Your Opinion: Success linked to self-reliance
Saturday, February 4, 2012
I am writing to support Transform Jefferson City based upon similar experience. While born in Jefferson City, I have been fortunate to work and live in other states and overseas before returning home for career and family. These opportunities have taken me to densely urban cultures as well as remote locations without roads, utilities, health care, sanitation, education, telecommunications, furniture, or newspapers for inhabitants. Always, successful communities were self-reliant. Transform Jefferson City is a means toward self-reliance.
In June 2010, a busload of interested Jefferson City residents was invited to participate in a community exchange to Topeka, Kan. Citizens there proudly displayed their economic plans for our neighboring state’s capital city. They shared research, including the results of grassroots efforts in Oklahoma City in the early 1990’s, whereby concerned residents proposed projects to voters as means to revitalize the city core.

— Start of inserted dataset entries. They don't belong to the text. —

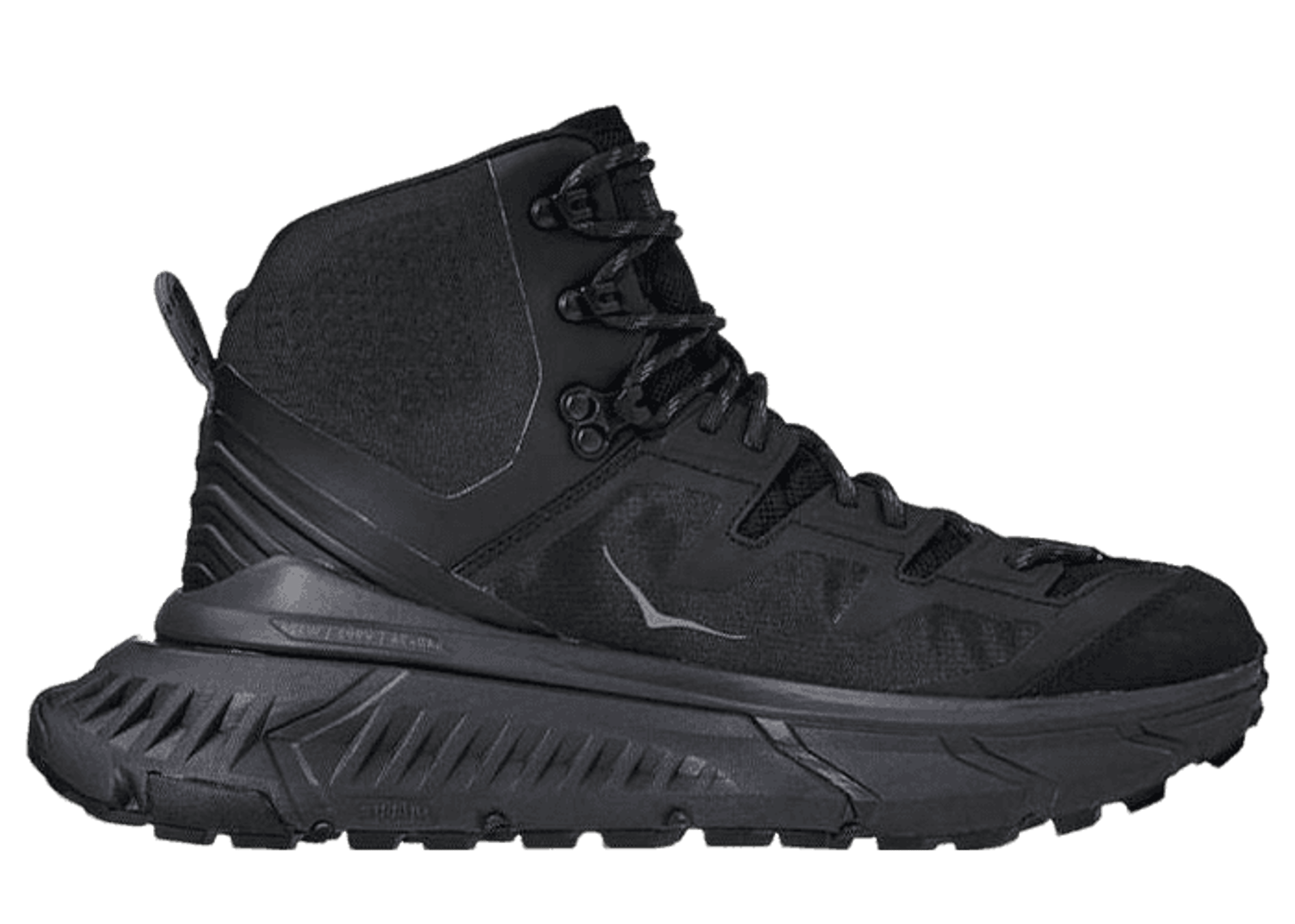 Hoka One One Tennine Hike GTX 'Black'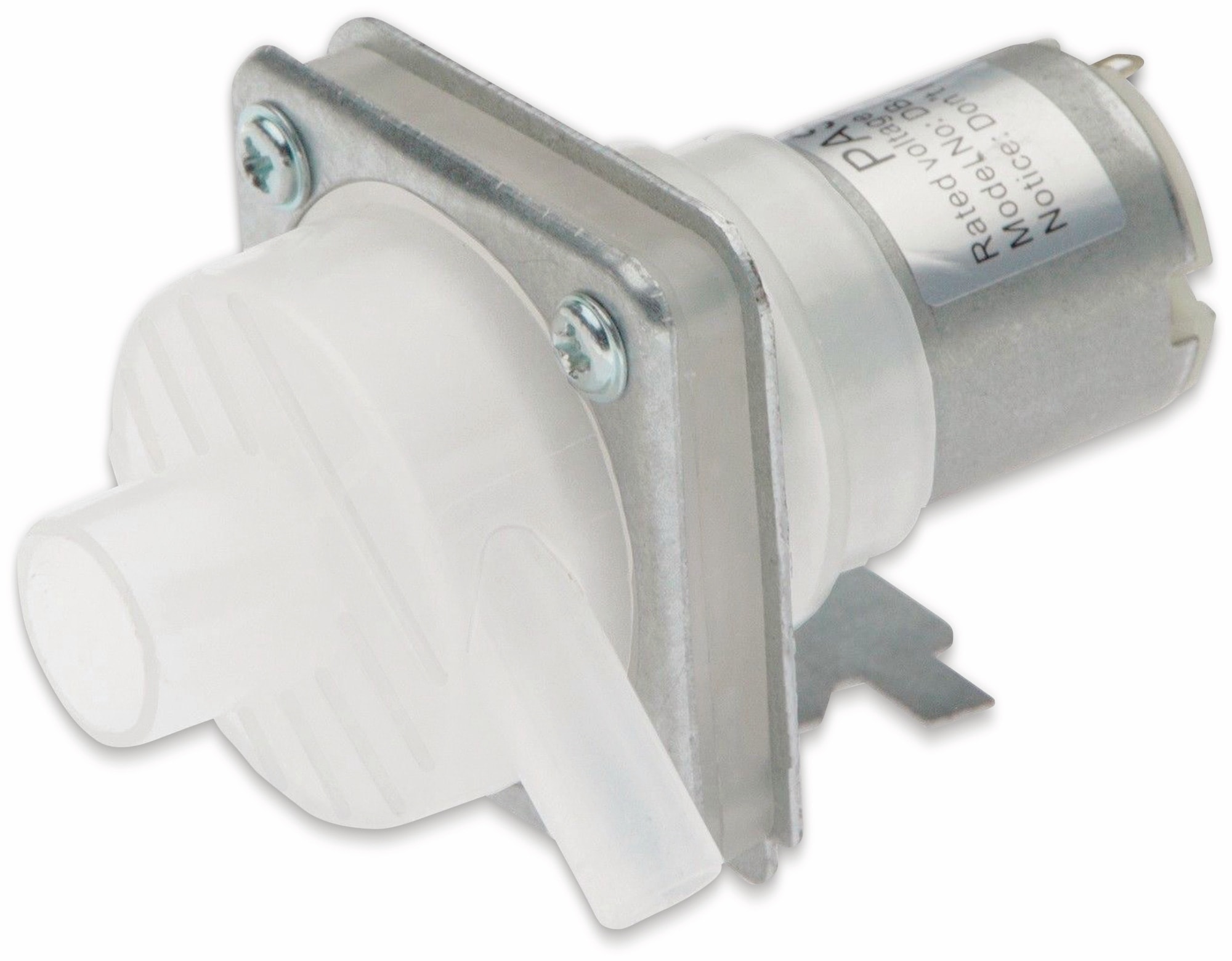 Wasserpumpe 8-12 V-, 1,5 l/min. Wasserpumpe 8-12 V-, 1,5 l/min.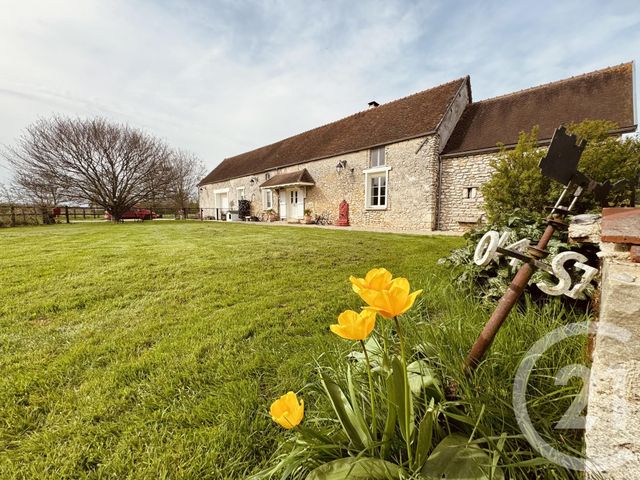 maison à vendre - 11 pièces - 354.0 m2 - COULOMMIERS - 77 - ILE-DE-FRANCE - Century 21 Lemaire Immobilier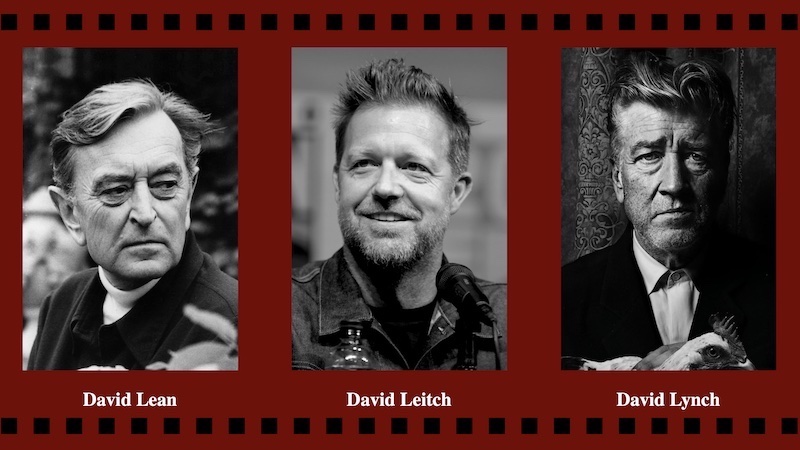 David liste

Ironically, I was a young architect at the time, living in Oklahoma City and working on the team assigned to assist with this revitalization plan which became known as M.A.P.S (Metropolitan Area Projects.) The plan included new construction of a library, minor league baseball stadium, riverwalk park, sports arena, and downtown lake as well as renovation and expansion of the performing arts center, convention center, and fairgrounds facilities.
These were envisioned as catalysts for future development, and the plan was overwhelmingly approved by voters in 1994. Upon sunset of the tax, the projects were completed and debt free. Subsequent resulting benefits from the citizen-led initiative include private development, tourism, conventions, hotels, restaurants, recreation, sporting events, revitalization, retail, housing, and young talent/family attraction. Although the scale of Oklahoma City is larger, the premise of Transform Jefferson City is the same: citizens defining and targeting their own community improvements.
I also lived in Oklahoma City in 1995 when the Murrah Federal Building was tragically bombed. The devastation was loud and horrific. The coincidental timing of our planning efforts helped with healing by both rebuilding and improving the city. I witnessed incredibly positive results of a citizen-led effort. While trained to design buildings for human activity, I’ve seen the ability of citizens to improve their community by developing and implementing a plan.
Passage of Transform Jefferson City will positively impact our community for generations. I ask people to review the hard work of many residents to date and vote yes to Transform Jefferson City.